■ Task material:
Start of Block

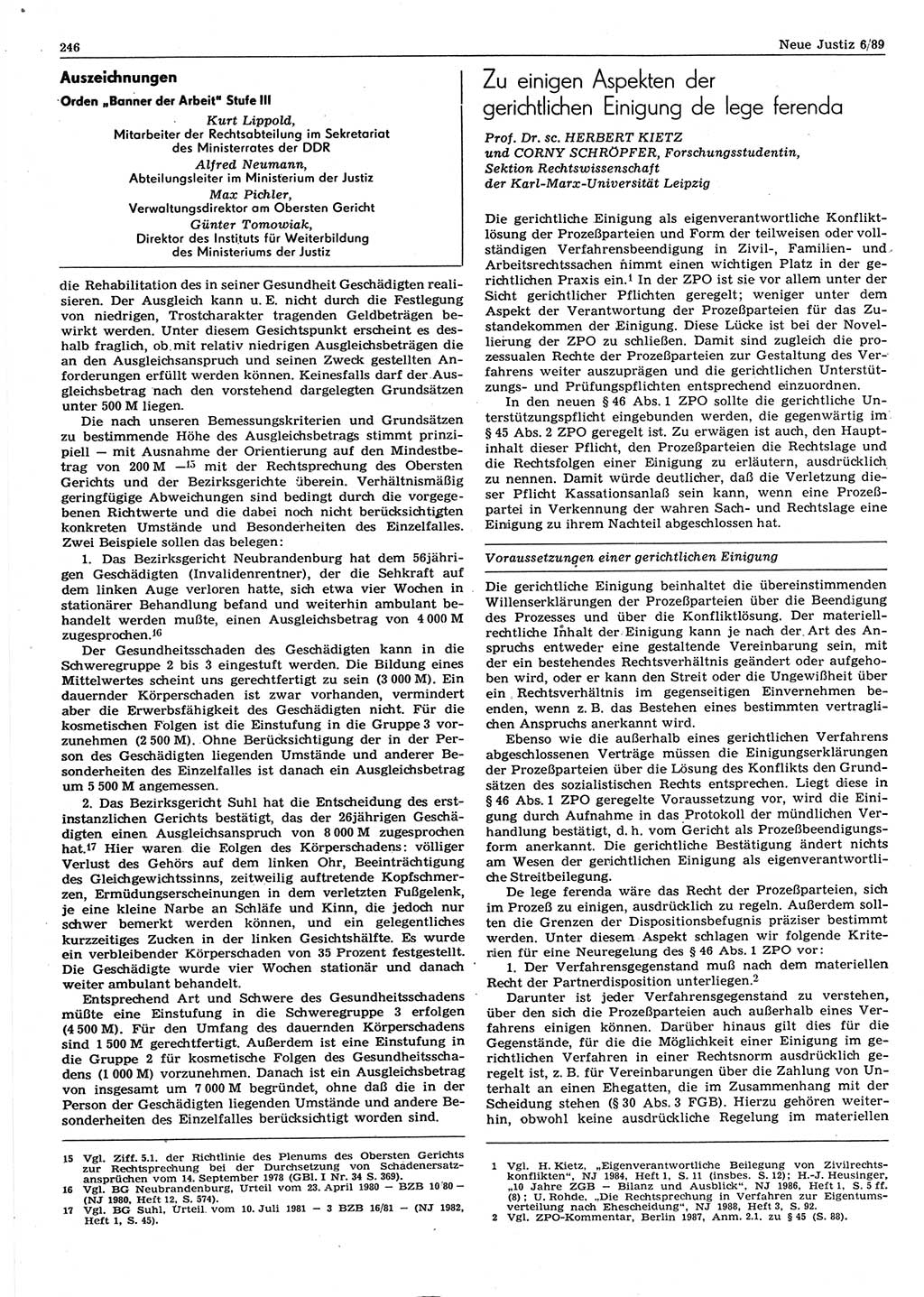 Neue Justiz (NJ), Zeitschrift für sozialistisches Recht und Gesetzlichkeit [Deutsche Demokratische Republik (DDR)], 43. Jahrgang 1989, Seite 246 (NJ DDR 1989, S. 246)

End of Block
Start of Block

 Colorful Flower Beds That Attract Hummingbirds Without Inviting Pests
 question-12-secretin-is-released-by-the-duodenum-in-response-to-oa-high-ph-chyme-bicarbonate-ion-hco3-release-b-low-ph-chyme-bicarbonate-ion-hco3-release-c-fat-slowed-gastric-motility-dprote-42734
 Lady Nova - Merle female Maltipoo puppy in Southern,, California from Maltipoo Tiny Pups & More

End of Block

■ What you will do:
The required answer is the run of lines above, starting at the line with "Colorful Flower Beds" and ending at the line with "Lady Nova - Merle", reproduced exactly with both ends.

■ Output of the exercise:
 Colorful Flower Beds That Attract Hummingbirds Without Inviting Pests
 question-12-secretin-is-released-by-the-duodenum-in-response-to-oa-high-ph-chyme-bicarbonate-ion-hco3-release-b-low-ph-chyme-bicarbonate-ion-hco3-release-c-fat-slowed-gastric-motility-dprote-42734
 Lady Nova - Merle female Maltipoo puppy in Southern,, California from Maltipoo Tiny Pups & More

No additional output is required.